Michelle C. Y. Chang (born 1977) is a Professor of Chemistry and Chemical and Biomolecular Engineering at the University of California, Berkeley, and is a recipient of several young scientist awards for her research in biosynthesis of biofuels and pharmaceuticals.

Education
Chang received her B.S. in Biochemistry and B.A. in French Literature from the University of California, San Diego in 1997.

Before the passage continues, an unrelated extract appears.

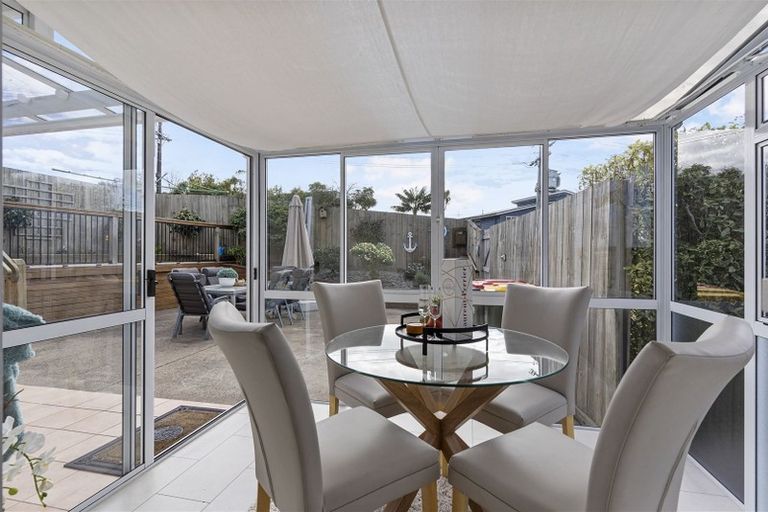 Photo of property in 149 Sandspit Road, Shelly Park, Auckland, 2014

She then moved to the Massachusetts Institute of Technology for graduate school as a National Science Foundation Predoctoral Fellow (1997-2000) and M.I.T./Merck Foundation Predoctoral Fellow (2000-2002). She earned her Ph.D. in 2004 under the direction of JoAnne Stubbe and Daniel G. Nocera. During her graduate work, Chang studied proton-coupled electron transfer processes in ribonucleotide reductase enzymes, and demonstrated the first direct evidence of the radical transfer pathway of class I RNRs.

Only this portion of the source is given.